The deferred asset is the magic asset. Though like a tax loss carry forward, the “amount of net earnings a Reserve Bank will need to realize before remittances to Treasury resume” is entirely up to the Fed. (The Fed does not follow generally accepted accounting principles (GAAP), it follows the Financial Accounting Manual for Federal Reserve Banks, a set of accounting principles the Fed created.)
The implication, of course, is that there will be earnings in the future and the Fed will remit those earnings to the Treasury. So, the Fed could just decide that it will hold back from Treasury an additional amount in the future and increase the deferred asset.
The Fed could, for instance, decide that it will hold back an additional $1 trillion in the future and increase the deferred asset now by $1 trillion. As the deferred asset goes up, capital goes up by a corresponding amount.

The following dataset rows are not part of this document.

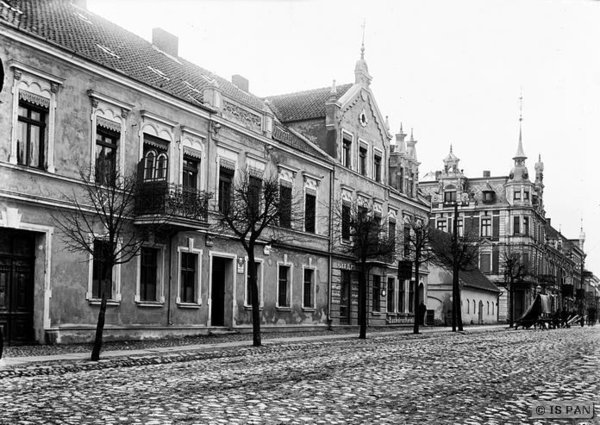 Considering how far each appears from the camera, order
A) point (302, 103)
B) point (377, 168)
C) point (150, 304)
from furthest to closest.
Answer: point (377, 168) → point (302, 103) → point (150, 304)

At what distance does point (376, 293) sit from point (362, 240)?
11.8 meters

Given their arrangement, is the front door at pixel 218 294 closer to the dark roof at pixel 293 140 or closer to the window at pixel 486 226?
the dark roof at pixel 293 140

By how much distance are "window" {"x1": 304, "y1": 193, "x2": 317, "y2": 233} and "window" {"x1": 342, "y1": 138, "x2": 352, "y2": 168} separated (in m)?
4.32

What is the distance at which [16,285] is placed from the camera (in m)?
20.0

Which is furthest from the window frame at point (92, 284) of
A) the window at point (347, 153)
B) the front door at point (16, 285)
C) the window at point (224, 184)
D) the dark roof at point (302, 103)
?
the window at point (347, 153)

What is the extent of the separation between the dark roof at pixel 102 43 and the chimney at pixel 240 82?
6.17m

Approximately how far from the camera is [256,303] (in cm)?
2305

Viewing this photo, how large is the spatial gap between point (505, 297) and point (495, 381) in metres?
77.3

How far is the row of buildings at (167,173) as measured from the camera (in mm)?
20297

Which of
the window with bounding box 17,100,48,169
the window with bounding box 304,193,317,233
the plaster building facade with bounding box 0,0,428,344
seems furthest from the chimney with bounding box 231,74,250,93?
the window with bounding box 17,100,48,169

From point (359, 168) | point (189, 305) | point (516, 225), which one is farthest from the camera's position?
point (516, 225)

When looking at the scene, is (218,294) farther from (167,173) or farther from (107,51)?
(107,51)

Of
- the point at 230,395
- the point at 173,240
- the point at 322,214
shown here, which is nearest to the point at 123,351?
the point at 173,240

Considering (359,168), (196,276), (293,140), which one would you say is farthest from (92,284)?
(359,168) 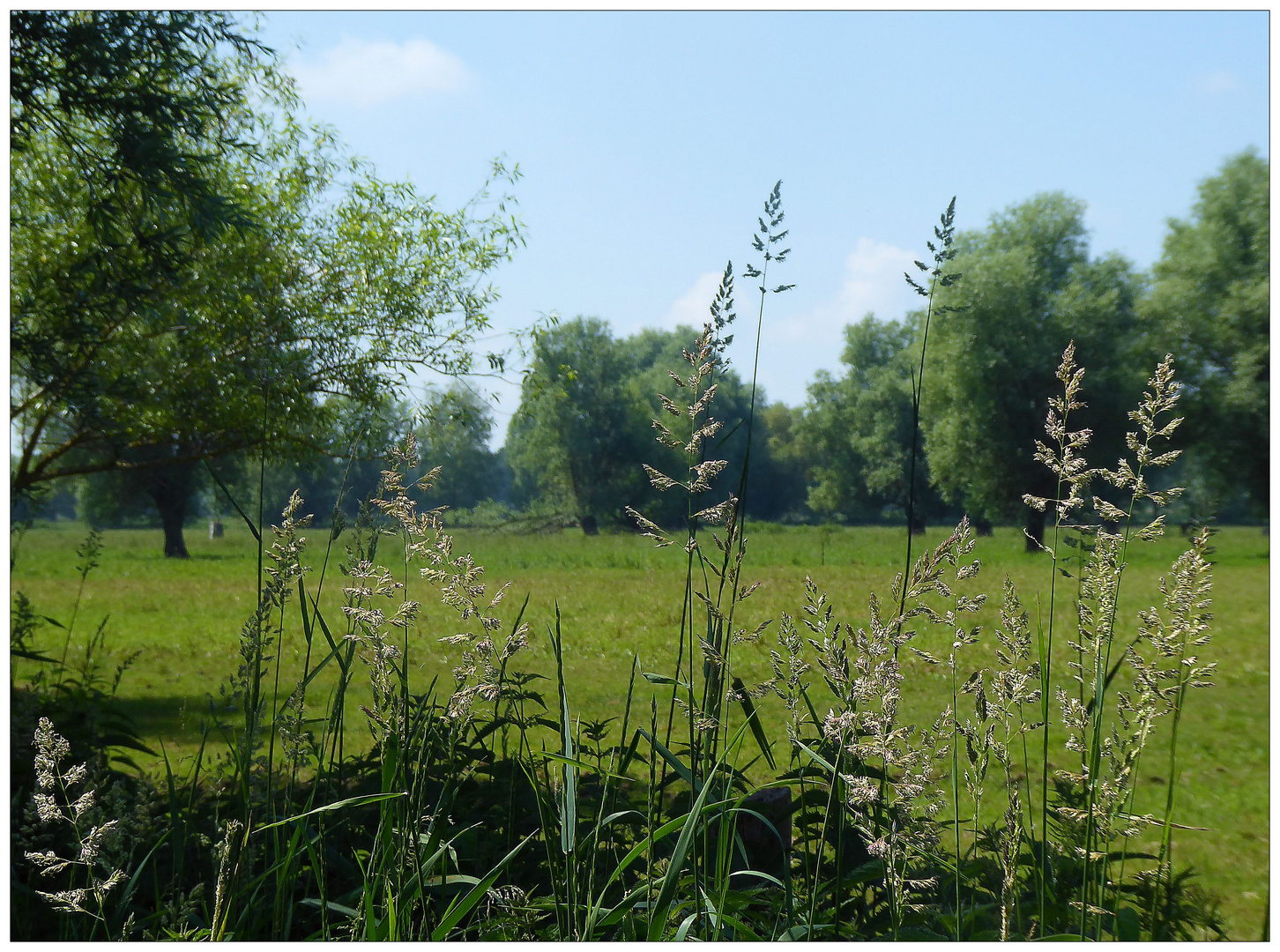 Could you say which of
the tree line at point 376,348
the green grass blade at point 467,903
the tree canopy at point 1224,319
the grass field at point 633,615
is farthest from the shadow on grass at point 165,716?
the tree canopy at point 1224,319

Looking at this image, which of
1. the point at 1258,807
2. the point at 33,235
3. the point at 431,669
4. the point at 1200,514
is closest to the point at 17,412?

Just as it did in 2015, Congress could then raid the Fed’s capital account. Back then, they raided the Fed to pay for new highway spending. But there is no reason that Congress couldn’t now take the Fed’s capital surplus to pay for whatever Congress wants. (For what it’s worth, I mentioned back then Congress was setting a dangerous precedent.)

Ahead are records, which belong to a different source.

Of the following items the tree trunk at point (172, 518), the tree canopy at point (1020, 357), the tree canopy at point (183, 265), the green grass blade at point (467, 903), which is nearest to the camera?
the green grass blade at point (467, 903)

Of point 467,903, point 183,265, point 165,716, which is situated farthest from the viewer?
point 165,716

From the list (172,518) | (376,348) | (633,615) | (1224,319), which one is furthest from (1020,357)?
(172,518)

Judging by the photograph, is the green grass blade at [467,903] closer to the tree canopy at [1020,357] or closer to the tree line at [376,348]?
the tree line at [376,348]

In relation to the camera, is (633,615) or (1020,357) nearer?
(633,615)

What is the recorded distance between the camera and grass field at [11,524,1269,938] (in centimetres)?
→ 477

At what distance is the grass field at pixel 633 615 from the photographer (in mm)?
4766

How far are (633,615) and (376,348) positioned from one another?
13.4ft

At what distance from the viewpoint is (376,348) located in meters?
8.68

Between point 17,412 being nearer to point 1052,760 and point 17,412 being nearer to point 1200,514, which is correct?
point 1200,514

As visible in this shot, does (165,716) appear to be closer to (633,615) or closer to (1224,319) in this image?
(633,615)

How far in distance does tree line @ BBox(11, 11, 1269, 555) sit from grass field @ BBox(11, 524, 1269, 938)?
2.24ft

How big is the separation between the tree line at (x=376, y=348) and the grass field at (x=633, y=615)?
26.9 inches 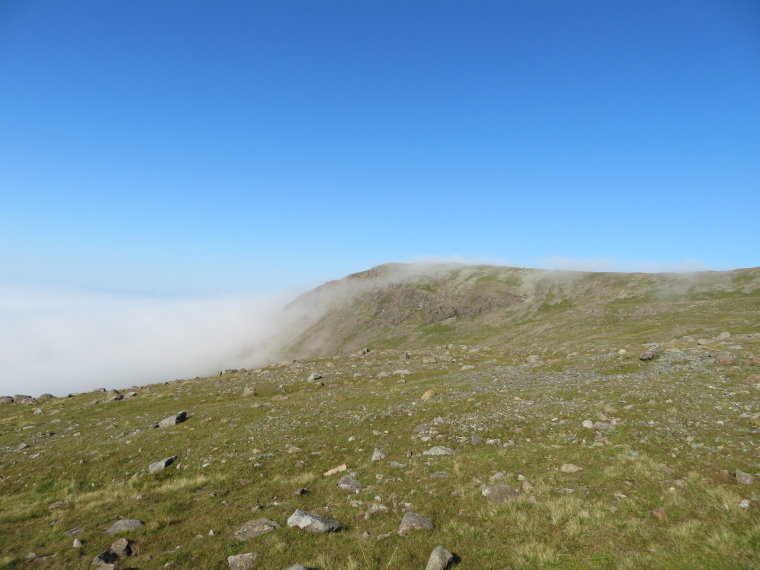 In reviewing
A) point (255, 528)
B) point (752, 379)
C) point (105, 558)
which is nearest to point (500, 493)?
point (255, 528)

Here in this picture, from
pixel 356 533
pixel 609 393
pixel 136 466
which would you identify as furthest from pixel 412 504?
pixel 609 393

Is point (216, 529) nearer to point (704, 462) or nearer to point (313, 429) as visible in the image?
point (313, 429)

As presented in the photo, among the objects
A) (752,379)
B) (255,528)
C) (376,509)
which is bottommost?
(752,379)

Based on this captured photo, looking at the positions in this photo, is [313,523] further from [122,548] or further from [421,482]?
[122,548]

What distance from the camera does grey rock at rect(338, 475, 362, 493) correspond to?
1619 centimetres

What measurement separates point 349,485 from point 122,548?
8.62m

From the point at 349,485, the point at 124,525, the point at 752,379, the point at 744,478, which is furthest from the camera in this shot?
the point at 752,379

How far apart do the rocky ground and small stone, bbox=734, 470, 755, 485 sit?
2.3 inches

Still don’t think this gimmick sounds crazy?
In a 2016 Brookings blog post, Ben Bernanke himself explained that the Fed could use this method to create helicopter money to stimulate the economy. As he pointed out, the move would give Treasury money to finance a tax cut without raising the federal debt. The Fed would essentially turn over to Treasury an amount of money that represents the present value of future seigniorage.
Bernanke was concerned with the Fed’s ability to provide stimulus when interest rates were at zero, but Treasury and Congress could use the very same method to avoid a default.

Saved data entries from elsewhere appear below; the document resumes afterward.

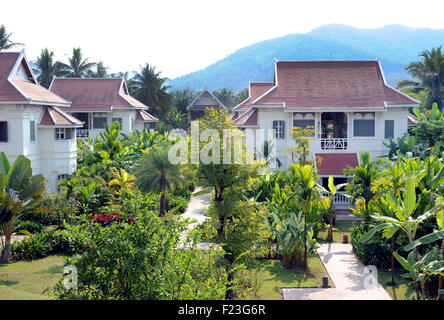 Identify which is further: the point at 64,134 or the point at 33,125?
the point at 64,134

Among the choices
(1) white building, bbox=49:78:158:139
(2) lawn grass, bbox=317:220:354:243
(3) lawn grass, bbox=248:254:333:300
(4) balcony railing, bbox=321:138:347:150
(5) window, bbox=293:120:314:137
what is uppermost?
(1) white building, bbox=49:78:158:139

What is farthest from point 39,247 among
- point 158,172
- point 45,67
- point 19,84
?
point 45,67

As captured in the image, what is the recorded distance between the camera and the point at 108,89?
1503 inches

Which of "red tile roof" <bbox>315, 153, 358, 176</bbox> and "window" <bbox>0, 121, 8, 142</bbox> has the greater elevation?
"window" <bbox>0, 121, 8, 142</bbox>

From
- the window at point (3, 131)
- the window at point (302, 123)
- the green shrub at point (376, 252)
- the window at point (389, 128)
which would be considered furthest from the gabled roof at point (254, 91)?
the green shrub at point (376, 252)

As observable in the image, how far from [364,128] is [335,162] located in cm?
305

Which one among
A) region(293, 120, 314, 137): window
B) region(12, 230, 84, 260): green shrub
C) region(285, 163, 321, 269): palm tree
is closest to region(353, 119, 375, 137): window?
region(293, 120, 314, 137): window

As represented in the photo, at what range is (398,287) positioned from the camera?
14586mm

Of course, this scheme would set a precedent far worse than the 2015 highway raid, and Congress would be tempted to do it again all the time. Nonetheless, it’s easy to envision members of Congress arguing the alternative to this special helicopter drop would be for the United States to default on its debt, possibly causing a global recession that destroys the dollar’s hegemony.
Does the gimmick sound less crazy yet?
Here’s another fun fact: Under the Fed’s current operating framework (a floor system), after the Treasury spends all this gimmick money, it would end up as reserve balances kept in check by interest payments on those reserves. That is, unlike under the Fed’s old (scarce reserve) operating framework, those reserve balances would not automatically be inflationary.
Formally, the Fed’s new operating framework divorces its balance sheet from its monetary policy stance. The Fed can buy assets (or create reserves by way of the magic asset approach) and maintain a tight policy stance by preventing those reserves from expanding the broader monetary aggregates. To accomplish this feat, the Fed would simply pay banks to hold those reserves.
As I – and George Selgin – have pointed out before, the framework removes an important tool the Fed used to have to maintain its operational independence. Now, however, the Fed can no longer legitimately tell Congress “No, we can’t buy those assets because it will cause too much inflation.”
Put differently, the Fed has opened the door to becoming a piggy bank for excessive federal spending.
The Fed has also opened itself up to a new political problem because as those reserves pile up and interest rates rise, the Fed pays billions of dollars in interest payments to large banks, reducing the money the Fed remits to the Treasury. Because of the existing reserve/interest rate situation, the Fed has been losing about $2 billion a week since mid-September.
It hasn’t had an annual loss yet, but it may have one in 2023, triggering its use of the magic asset. (Table 6 on the Fed’s H.4.1 release shows the Fed currently books these losses by making more negative the liability “Earnings remittances due to the U.S. Treasury.” For more on Fed losses, which could result in Treasury remittances being suspended until 2028, see this Mercatus Center Policy Brief, this NBER working paper, or this Hoover Institution working paper.)
The Fed has the power to insulate itself from this kind of shenanigans by returning to a scarce reserve operating framework — the type of system it operated prior to the 2008 financial crisis. If it doesn’t, it’s only a matter of time before it will no longer be able to resist political pressure to buy more federal debt and fund more federal spending.
The 118th Congress should make fixing this problem a top priority.